━━━ RECORD EXTRACTS ━━━

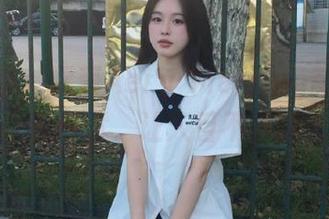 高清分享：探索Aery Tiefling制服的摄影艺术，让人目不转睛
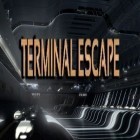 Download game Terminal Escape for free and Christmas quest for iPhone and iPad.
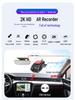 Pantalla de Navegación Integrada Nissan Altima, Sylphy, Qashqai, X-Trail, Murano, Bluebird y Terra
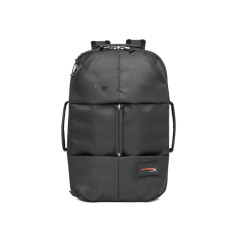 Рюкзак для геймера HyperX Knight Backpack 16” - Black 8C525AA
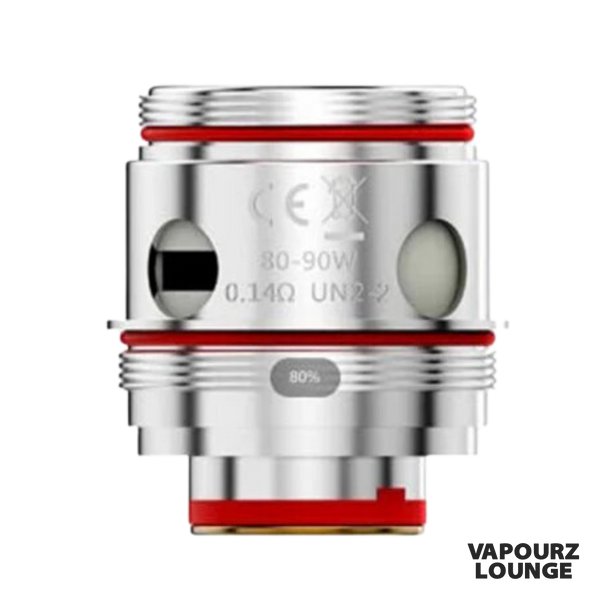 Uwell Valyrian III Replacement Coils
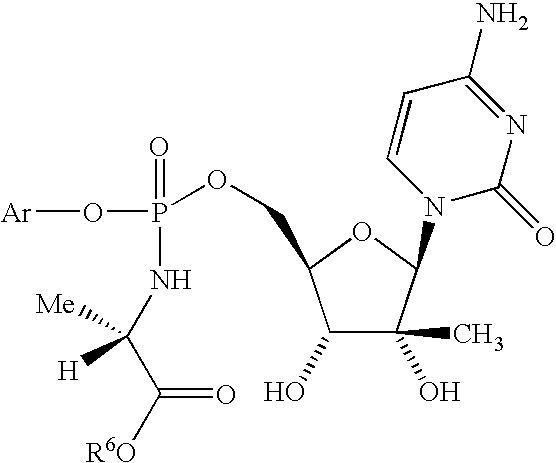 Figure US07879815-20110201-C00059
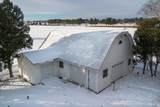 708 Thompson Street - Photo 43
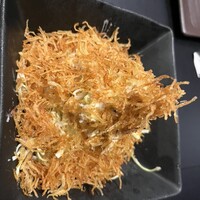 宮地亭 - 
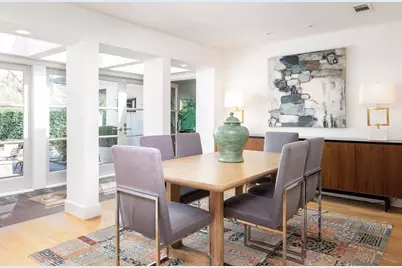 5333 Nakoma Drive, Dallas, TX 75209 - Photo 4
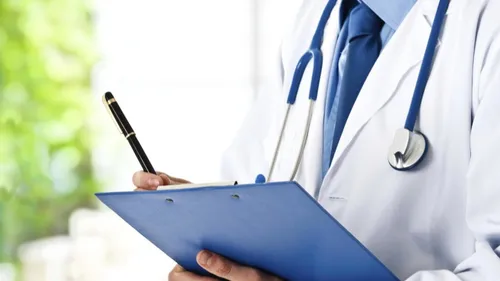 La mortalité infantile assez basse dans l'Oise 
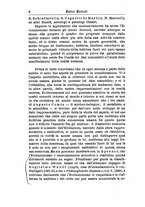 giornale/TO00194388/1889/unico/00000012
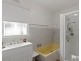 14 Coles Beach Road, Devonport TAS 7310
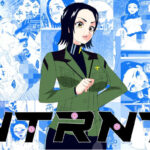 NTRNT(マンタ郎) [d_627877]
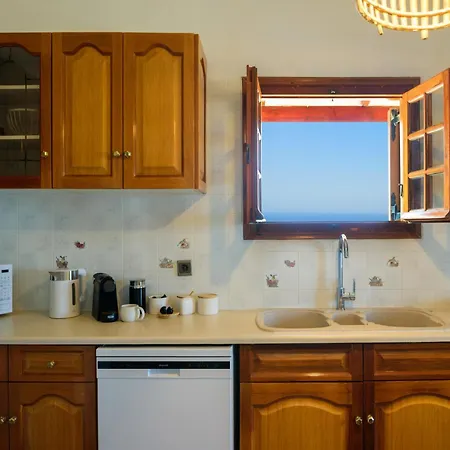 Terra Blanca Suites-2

━━━

» WHAT YOU HAVE TO DO
Could you set down word for word each line from the one holding "giornale/TO00194388/1889/unico/00000012" through the end of the material above, without any pictures?

» FINISHED TASK
 giornale/TO00194388/1889/unico/00000012
 14 Coles Beach Road, Devonport TAS 7310
 NTRNT(マンタ郎) [d_627877]
 Terra Blanca Suites-2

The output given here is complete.